Request coalescence. Many cloud-optimized libraries (e.g., fsspec, s3fs) implement request coalescing, where multiple adjacent or nearby small read requests are merged into a single larger HTTP GET request to optimize throughput and reduce latency overhead. The current implementation of chunkindex issues individual range requests for each sub-chunk. While this minimizes data transfer volume, it may result in a higher number of HTTP requests compared to reading full chunks with coalescing, which could be suboptimal in high-latency network environments or when many adjacent sub-chunks are requested sequentially.
Index overhead. Creating the sub-chunk index requires reading and decompressing the entire dataset once, representing an initial computational cost.
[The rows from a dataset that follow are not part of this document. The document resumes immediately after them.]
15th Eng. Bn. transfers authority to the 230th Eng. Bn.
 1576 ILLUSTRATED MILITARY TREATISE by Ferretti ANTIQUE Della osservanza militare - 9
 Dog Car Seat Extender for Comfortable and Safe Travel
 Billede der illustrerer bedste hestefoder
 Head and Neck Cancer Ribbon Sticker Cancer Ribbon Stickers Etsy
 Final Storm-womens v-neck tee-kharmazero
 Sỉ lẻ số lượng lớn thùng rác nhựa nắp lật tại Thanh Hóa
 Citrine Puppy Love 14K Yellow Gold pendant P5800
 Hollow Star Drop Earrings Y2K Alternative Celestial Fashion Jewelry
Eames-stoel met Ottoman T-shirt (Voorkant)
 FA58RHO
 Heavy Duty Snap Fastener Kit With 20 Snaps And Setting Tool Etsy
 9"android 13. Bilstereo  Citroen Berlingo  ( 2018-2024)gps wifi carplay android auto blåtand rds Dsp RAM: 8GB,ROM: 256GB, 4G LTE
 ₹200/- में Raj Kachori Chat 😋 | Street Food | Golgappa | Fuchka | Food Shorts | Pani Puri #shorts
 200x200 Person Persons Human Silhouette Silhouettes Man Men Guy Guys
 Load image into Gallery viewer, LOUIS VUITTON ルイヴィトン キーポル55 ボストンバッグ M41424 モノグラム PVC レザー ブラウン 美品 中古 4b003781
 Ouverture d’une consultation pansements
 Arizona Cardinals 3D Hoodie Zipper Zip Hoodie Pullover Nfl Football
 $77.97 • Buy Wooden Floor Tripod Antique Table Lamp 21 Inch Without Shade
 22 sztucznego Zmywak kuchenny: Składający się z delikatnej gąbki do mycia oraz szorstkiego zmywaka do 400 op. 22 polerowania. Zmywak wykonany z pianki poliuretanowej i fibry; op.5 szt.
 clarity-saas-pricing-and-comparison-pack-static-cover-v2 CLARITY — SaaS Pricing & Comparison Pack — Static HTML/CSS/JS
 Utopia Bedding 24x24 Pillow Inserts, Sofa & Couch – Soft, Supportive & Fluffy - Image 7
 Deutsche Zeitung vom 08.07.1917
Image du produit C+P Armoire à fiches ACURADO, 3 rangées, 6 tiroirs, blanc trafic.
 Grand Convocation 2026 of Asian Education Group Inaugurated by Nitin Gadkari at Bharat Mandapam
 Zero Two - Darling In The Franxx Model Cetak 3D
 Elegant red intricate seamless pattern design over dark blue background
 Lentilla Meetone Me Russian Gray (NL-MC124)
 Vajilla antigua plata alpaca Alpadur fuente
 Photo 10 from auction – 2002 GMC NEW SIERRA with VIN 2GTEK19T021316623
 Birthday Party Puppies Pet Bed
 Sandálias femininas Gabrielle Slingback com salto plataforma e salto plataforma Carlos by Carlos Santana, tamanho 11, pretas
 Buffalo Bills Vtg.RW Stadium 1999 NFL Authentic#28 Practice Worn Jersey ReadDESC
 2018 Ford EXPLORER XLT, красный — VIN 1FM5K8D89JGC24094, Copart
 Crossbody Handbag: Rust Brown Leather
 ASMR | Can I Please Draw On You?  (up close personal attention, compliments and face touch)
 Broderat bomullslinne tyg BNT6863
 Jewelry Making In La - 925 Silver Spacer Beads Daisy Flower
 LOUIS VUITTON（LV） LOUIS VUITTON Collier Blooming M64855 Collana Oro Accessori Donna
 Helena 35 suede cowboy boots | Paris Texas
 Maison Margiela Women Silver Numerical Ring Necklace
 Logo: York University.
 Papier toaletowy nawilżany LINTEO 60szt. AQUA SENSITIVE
Additionally, the index files consume storage space. In our experiments, the index size was approximately 16 % of the original data volume. This overhead must be weighed against the expected savings in data transfer and access time.

3.7 Scope of Applicability

The chunkindex library currently supports the following features:

File Formats. The library supports standard netCDF-4 files and valid HDF5 files;
Compression. Support is currently limited to the deflate (zlib) compression algorithm, which is the standard for netCDF-4. All compression levels (1–9) are supported. Other compression algorithms (e.g., SZIP) or third-party filters (e.g., Blosc, Zstd, LZF) are not currently supported;
Shuffle. The HDF5 shuffle filter is supported. However, as discussed in Sect. 3.2, shuffling changes the byte alignment of the compressed data, which can reduce the precision of the sub-chunk index.

4 Dataset and experiments

Generally, users access netCDF files using one of the following two patterns:

Read a time series for a small spatial region or,
Read a large spatial (2D or 3D) region (say, continental or global) at a specific time.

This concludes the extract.